Treading carefully as we embark on research exploring an interesting paradigm: Do ‘everyday’ diasporic groups and their collective identity exacerbated social and political challenges in their home countries?
FMH..... As a Scotsman whose lived abroad in countries within Africa, South East Asia and the Middle East, I have met countless fellow Scots, many remind me of the song (The Old Sod), “there’s nothing more Scottish than a Scotsman abroad”, In other words, people that ordinarily wouldn’t socialise with others on the sole premise of having Scottish lineage, people that lament national pasts, attend ceilidhs, Burn's night suppers, whiskey nights and subscribe to a social club or other gathering celebrating an often romantic view of Scotland. A view amplified by, reciting Poetry (Robert Burns mainly), adhering to traditional dress code or practices like addressing the haggis …. the list goes on
This of course is a relatively healthy bringing together of like-minded people with a familiar identity in a foreign place, a ritual of shared pleasure expressed in homespun dance, music, food and drink. A cultural reaffirmation that’s comforting or at the very least, a familiar distraction in distant lands. It isn’t just a Scottish thing of course; each community of diaspora or expats seems to behave in similar ways.
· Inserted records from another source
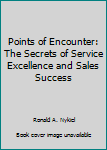 Paperback Points of Encounter: The Secrets of Service Excellence and Sales Success Book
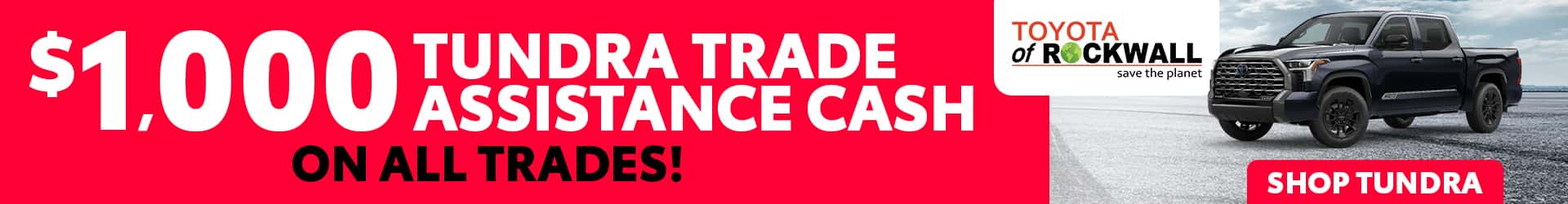 Tundra Trade Offer in Rockwall, TX
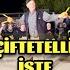 ÇİFTETELLİ İŞTE BUDUR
However, is there more to the notion that some diasporic groups exacerbate political and social aspects at home. Initial responses were obviously matter of fact…. “Yes”, was the answer, "just look at the impact of Irish diaspora in the USA and their role in the ‘Troubles’ (Read) or the Jewish-American diasporic involvement in conflicts over Nagorno-Karabakh and the West Bank and Gaza (Read)".
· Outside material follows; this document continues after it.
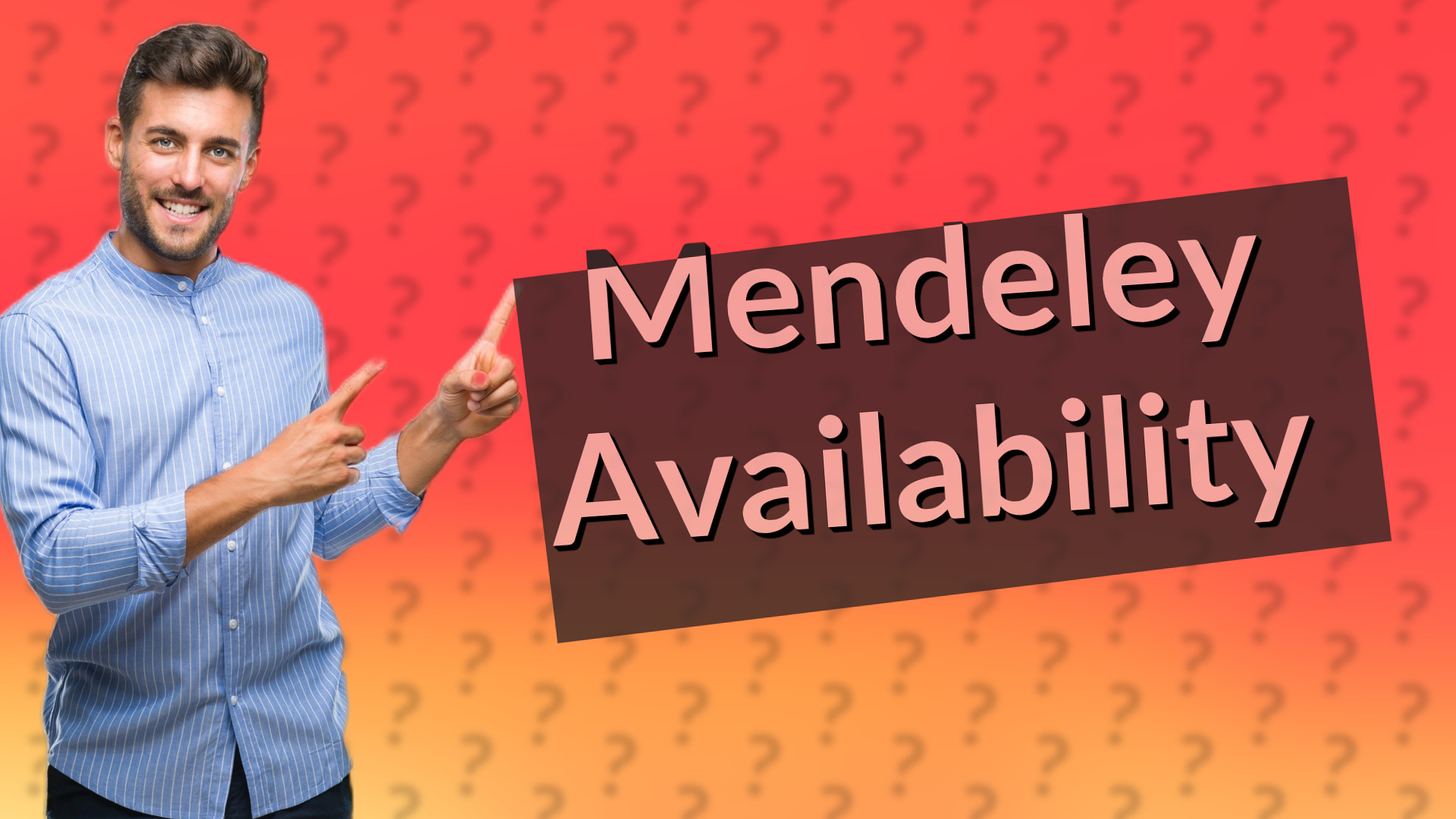 Mendeley Availability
There is an impressive amount of literature on the negative (and positive) effects of diasporic groups when it comes to peacebuilding and conflict.
The interesting aspect of this research is the focus on ‘everyday’ diasporic groups and their members, those that might help hinder social or political progress within their home countries. In-group behaviors which to many perpetuate dangerous biases and historic resentment, whilst reinforcing class-divisions, elitism and privilege –
Discussion: Is this a traditional subscription to an un-imagined, collective identity with a problematic sense of belonging, place and culture?